**Your assignment**:
Your copy should match the records exactly, apart from the pictures, which stay out.

**Information provided**:
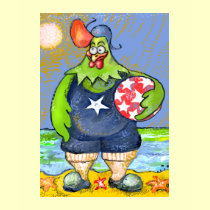 * Roostar in the beach * t-shirts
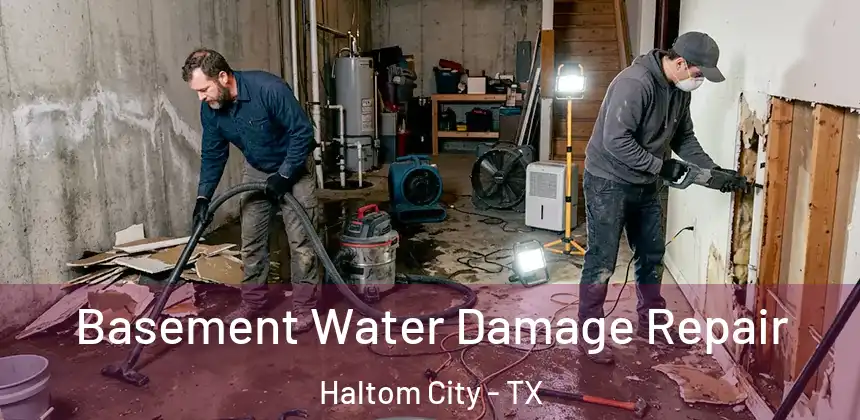 Basement Water Damage Repair Haltom City - TX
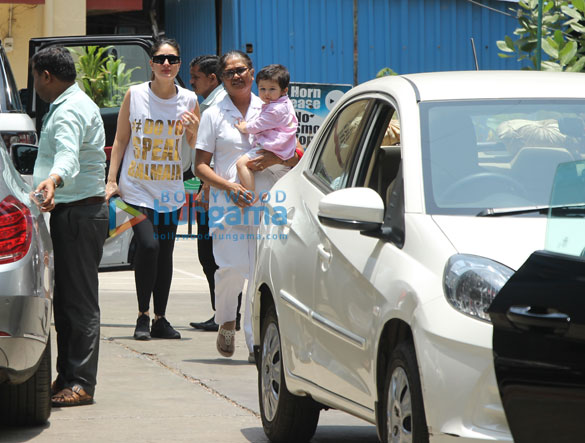 kareena kapoor khan snapped with taimur ali khan at the gym 1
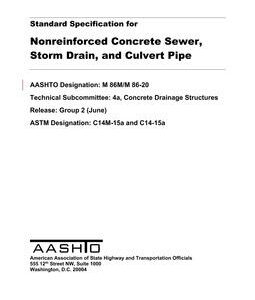 AASHTO M 86M/M 86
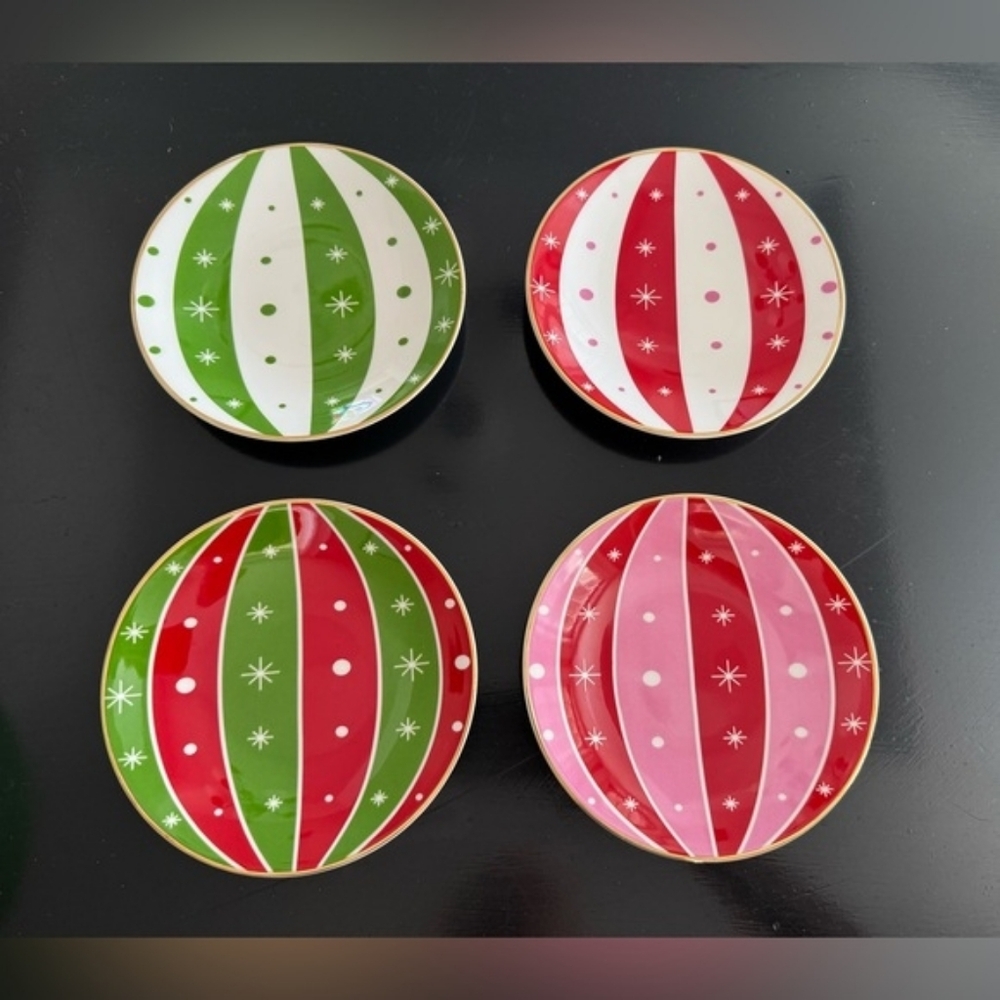 Kate Spade Christmas Plates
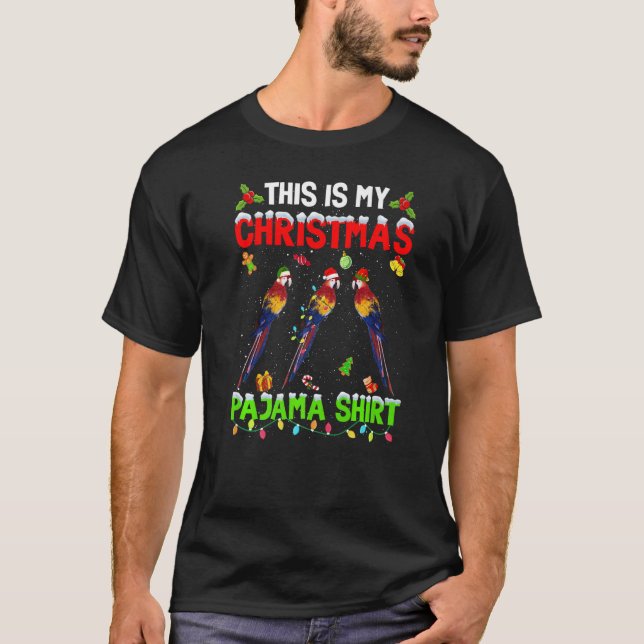 Camiseta This Is My Christmas Pajama Xmas Parrot Squad (Frente)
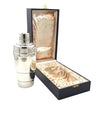 A French 1930s Art Deco silver plated cocktail shaker in orignal presentation box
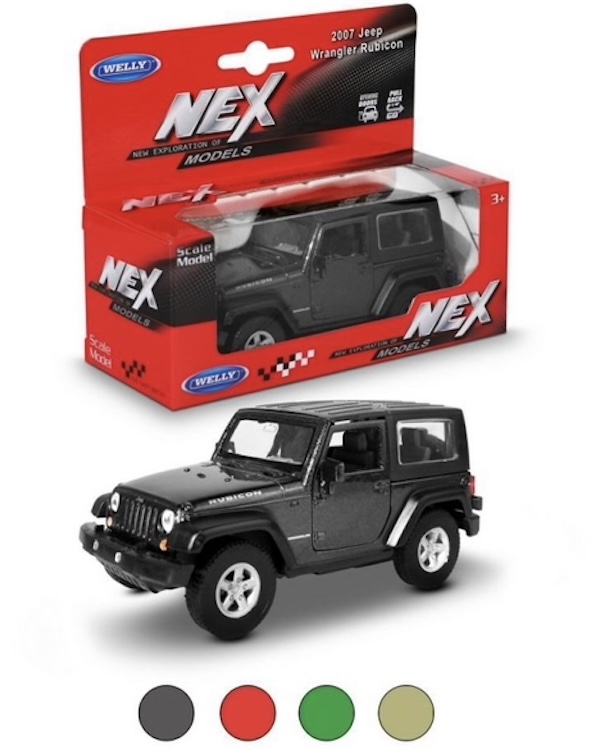  WELLY 1:38 Jeep Wrangler Rubicon 2007, . . 15*12*6  ()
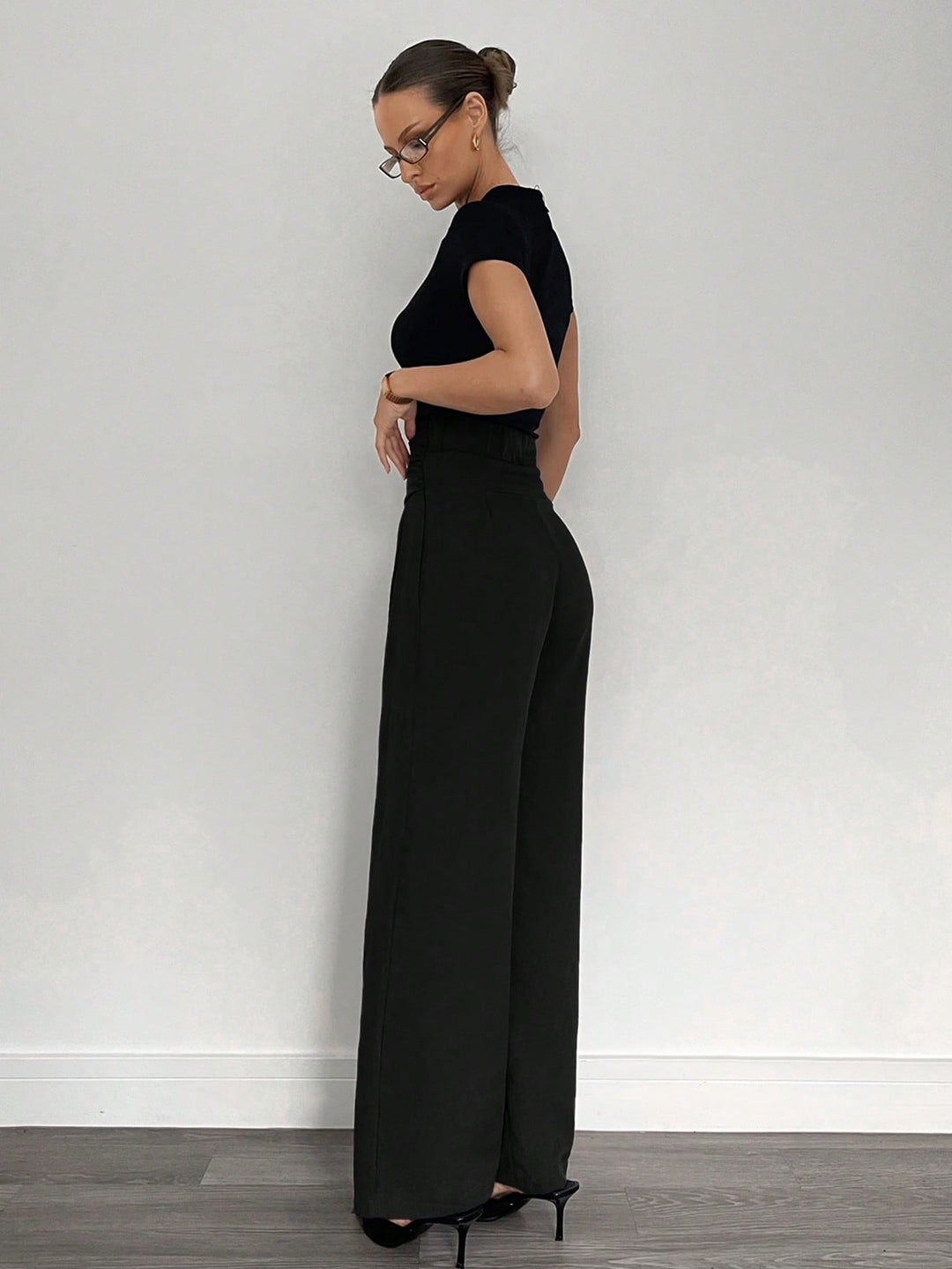 Pantaloni SHEIN, negru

**Solved problem**:
 * Roostar in the beach * t-shirts
 Basement Water Damage Repair Haltom City - TX
 kareena kapoor khan snapped with taimur ali khan at the gym 1
 AASHTO M 86M/M 86
 Kate Spade Christmas Plates
 Camiseta This Is My Christmas Pajama Xmas Parrot Squad (Frente)
 A French 1930s Art Deco silver plated cocktail shaker in orignal presentation box
  WELLY 1:38 Jeep Wrangler Rubicon 2007, . . 15*12*6  ()
 Pantaloni SHEIN, negru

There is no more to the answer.